Loyola Sullivan, who was finance minister in the first term of the Danny Williams government, said while the government has eliminated several billion dollars in debt, it still has a millstone around its neck.
He noted the per capita debt of about $16,000 remains the highest in the country.
"Even with the latest census population increase, it would only reduce our per capita debt by less than 50 dollars per year [per person]," Sullivan told delegates attending a Newfoundland and Labrador Employers Council meeting in St. John's.
"There is only one logical option, and that is to pay down debt."
The overall accumulated provincial debt, which includes unfunded pension liabilities, has hovered over $8 billion for a few years.
Last fall, Finance Minister Tom Marshall said he planned to use an expected windfall of about $755 million for the current fiscal year to reduce the debt. Marshall has since warned, however, that the province is heading into the next fiscal year with a projected deficit.
In 2006, Sullivan introduced the first of a series of surplus budgets. Before resigning from cabinet later that year, he even suggested the province make deficit financing illegal.
In his speech on Thursday, Sullivan noted that while the offshore oil industry now accounts for one quarter of the province's gross domestic product, no proven oil reserves have been discovered since the 1980s.

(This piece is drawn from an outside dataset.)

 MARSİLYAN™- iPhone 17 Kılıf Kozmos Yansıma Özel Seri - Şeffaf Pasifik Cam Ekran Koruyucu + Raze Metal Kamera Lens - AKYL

Sullivan said the interest still used to service the provincial debt could be used for better things.
"That's 600 million it does not have to spend on investments in technology, infrastructure, health, education and on other needs," said Sullivan, who noted less debt would be a boon for future generations.
"The greatest material gift is a lesser debt burden on their shoulders."
Sullivan's speech attracted some attention and controversy. Now an executive at Ocean Choice International, Sullivan and other OCI managers were met by angry members of the Fish, Food and Allied Workers union. OCI and the FFAW are locked in a war of words over closed plants and the lockout of trawler workers.
Sullivan was also in the news earlier this week after the federal ethics commissioner agreed to take a look at whether Sullivan breached guidelines in taking his OCI post soon after resigning as a federal fisheries ambassador.
Sullivan has said he did not break conflict rules in taking on the job at OCI, which is managed by two of his brothers.